PG Week Welcome Breakfast 2017

This morning we kicked off PG Week 2017 with a delicious breakfast and a lot of food for thought.

The speaker at this year’s welcome breakfast was Dr Jesse Pirini. He got his PhD at AUT in 2015, and has had a stellar run since – working at the AUT Multimodal Research Centre, gaining several sources of external funding, and even publishing a book!

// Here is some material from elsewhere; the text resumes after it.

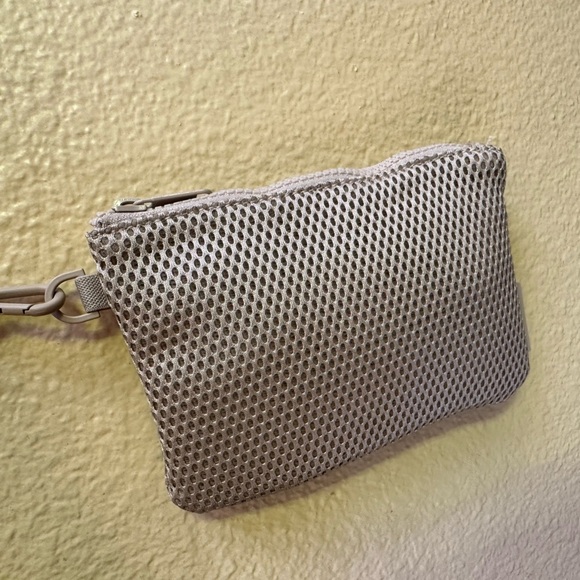 Dagne Dover “Landon Carryall” Size Small In Rare Almond Latte New! - Picture 12 of 13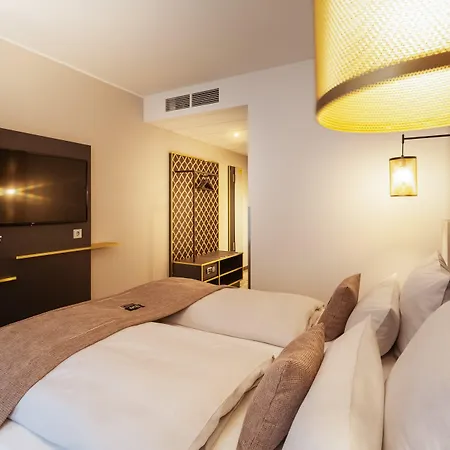 מלון - The Niu, Mesh Messe By Ihg 3*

Dr Pirini spoke about the value of reading deeply – he recommended reading one article thoroughly per week, rather than skim-reading ten and forgetting them. He also spoke about heuristic learning. His 4-month-old baby has a kete (basket) of objects to play with. As opposed to toys that have one specific purpose, these objects can be played with in all sorts of ways. This is ‘heuristic play’ – play that is explorative, rather than prescribed. Dr Pirini recommended taking a similar approach to postgraduate research. The deepest learning, he suggested, comes from discovering things ourselves. With that in mind, we shouldn’t expect to merely follow instructions from our supervisors or from the university. Instead, we should forge our own paths, follow our curiosity, and learn by exploring.

Check out the Facebook album from the event, tag yourself and your friends in the pics, and enjoy the rest of your Postgraduate Week!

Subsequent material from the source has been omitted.